Segment Start: Exercise materials

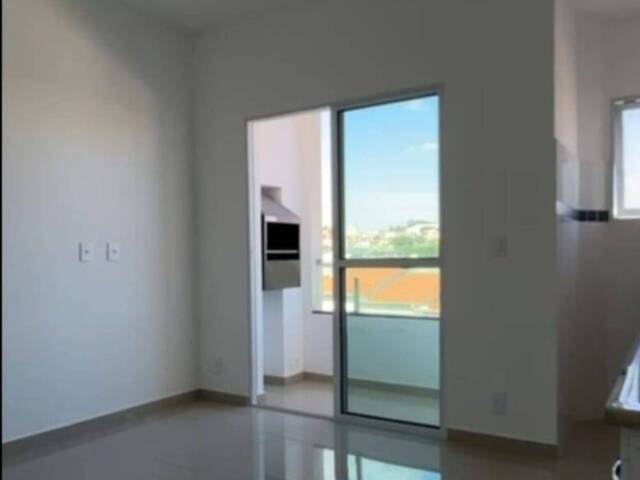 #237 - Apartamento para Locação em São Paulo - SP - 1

Segment End: Exercise materials
Segment Start: Exercise materials

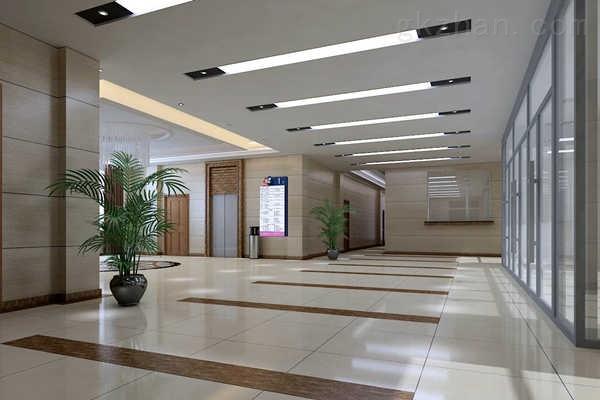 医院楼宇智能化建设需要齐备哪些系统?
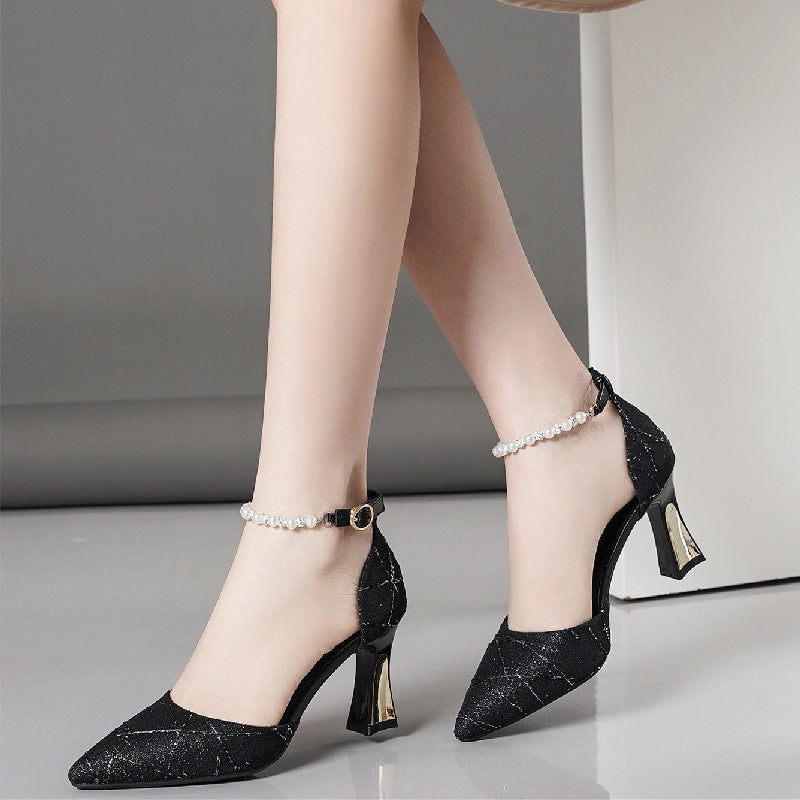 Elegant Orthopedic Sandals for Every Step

Segment End: Exercise materials

*Work task:*
Starting at the line containing "医院楼宇智能化建设需要齐备哪些系统?" and stopping at the line containing "Elegant Orthopedic Sandals for Every Step", output every line above exactly, both ends included, with pictures omitted.

*Task output:*
 医院楼宇智能化建设需要齐备哪些系统?
 Elegant Orthopedic Sandals for Every Step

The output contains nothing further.